As far as following that rule about executive sessions, I have never known of any occasion-and I have represented over 100 people before the House Un-American Activities Committee-I have never known that rule to be followed by them.

Representative GRIFFIN. You have represented a hundred people who appeared before the committee and in many of those cases

Mr. SPEISER. They have not been forewarned in advance. The testimony has been obtained in executive session against them—not giving them an opportunity to appear in relation to that.

Representative GRIFFIN. Thank you.

Senator CASE. This kind of thing is a valuable contribution, I think, to our inquiry. And I appreciate your giving it to us. This is one of the most difficult areas that I know anything about, in part because the individuals involved always have difficult problems, too. Are they going to try and clear themselves or is it better not to give any further public circulation to the charges that are made? Is it better to let it drop? What are you going to do about this? The politician has the same kind of a problem in a way. Somebody makes a crack about you. Is it better to answer it or not? If you answer it, your words are going to get out and get publicity and give the charge a lot more publicity and then a certain number of people always say, "Where there is smoke there is fire." And you may end up much worse off. We ought to try initially to work out procedures so as to provide as little chance for harm as possible.

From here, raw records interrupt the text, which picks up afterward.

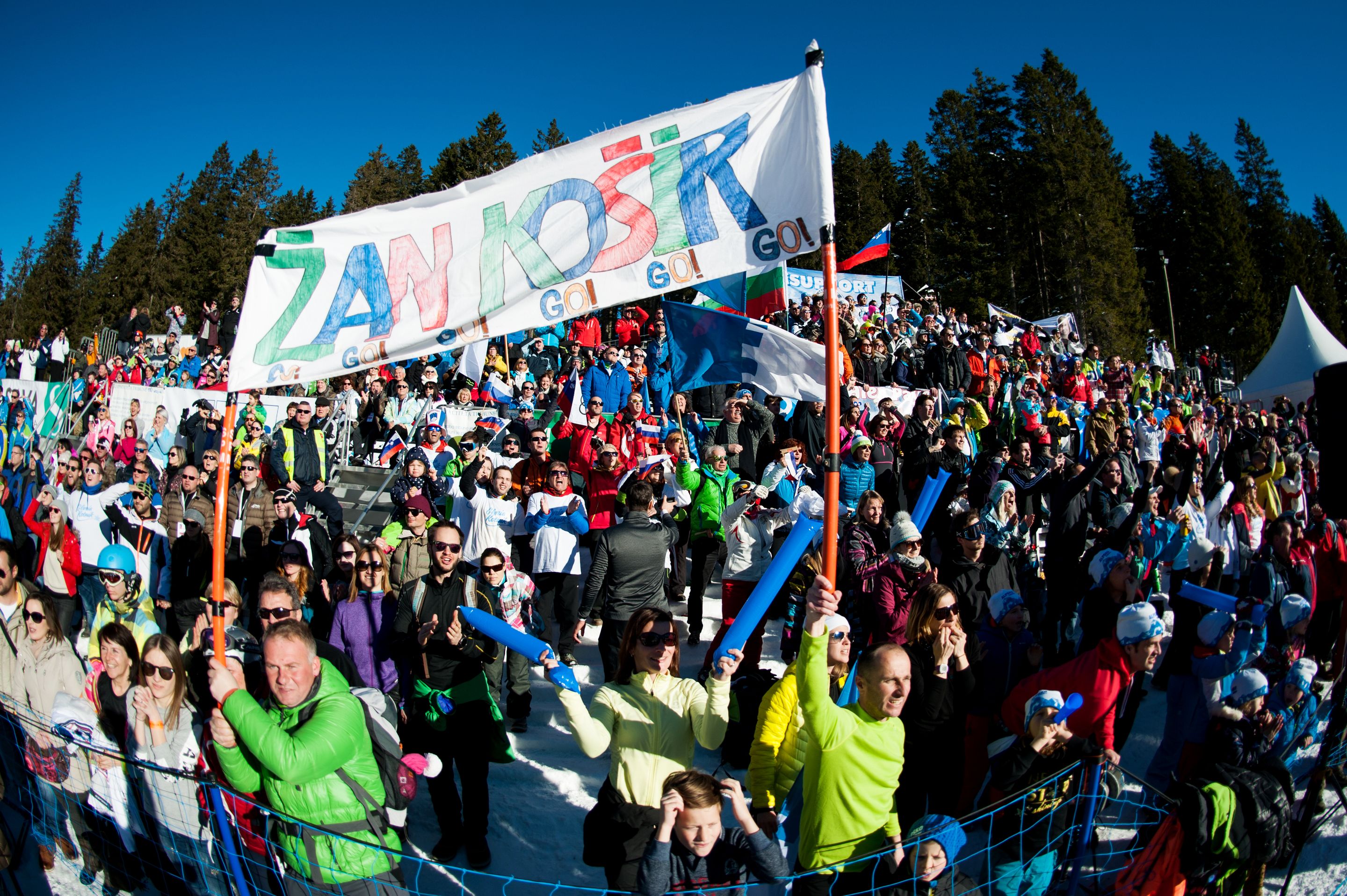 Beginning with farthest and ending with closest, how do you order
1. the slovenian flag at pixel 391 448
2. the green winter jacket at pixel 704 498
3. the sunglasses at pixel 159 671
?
the slovenian flag at pixel 391 448
the green winter jacket at pixel 704 498
the sunglasses at pixel 159 671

Mr. SPEISER. I might suggest that perhaps a more limited kind of procedure might be a starting point. There are some committees, and the House Un-American Activities Committee is one of them, but there are also some committees on the Senate side which have in the past called witnesses before it knowing in advance that they would refuse to answer questions on the basis of the privilege against self-incrimination or raising some other constitutional provision. When these witnesses raise some other constitutional provision it is really, in effect, asking for a contempt-of-Congress citation. In practically every case when someone has refused to answer questions based on some other provision of the Constitution than the one of the privilege against self-incrimination, the Congress has felt that it should go into court to test the validity of their refusal to answer on either pertinency or the first amendment grounds, or improper legislative purpose, or whatever. My experience with at least one Senate committee has been that it often calls witnesses in executive session first and then in public session. When they are called first in executive session and they refuse to answer questions and then called in public session, it seems to me that the sole purpose of that second calling is to insure that economic sanctions are to be imposed against them. It has been my experience on the House side, first, that the investigators have often had contact with the individuals and they knew very well that they are going to refuse to answer questions for a variety of reasons. Those witnesses were then called in public sessions. The committee would then pound away trying to get as large a number of questions that

those witnesses refused to answer so that the committee could say that a certain witness refused to answer 146 questions, based on the privilege against self-incrimination. That, it seems to me, is an improper purpose. It not only denigrates the constitutional provision and makes it a dirty word, but it also subjects those individuals to public opprobrium in which you are not getting information from them. It seems to me that it is for an improper legislative purpose. To my mind it is fairly clear cut that such witnesses should not be called in public session when there is broadcasting or television. And even though, as you suggest, if they object, that is not a complete protection in the public session because the mere fact of the objection is considered in some ways to show an indication of guilt of some kind.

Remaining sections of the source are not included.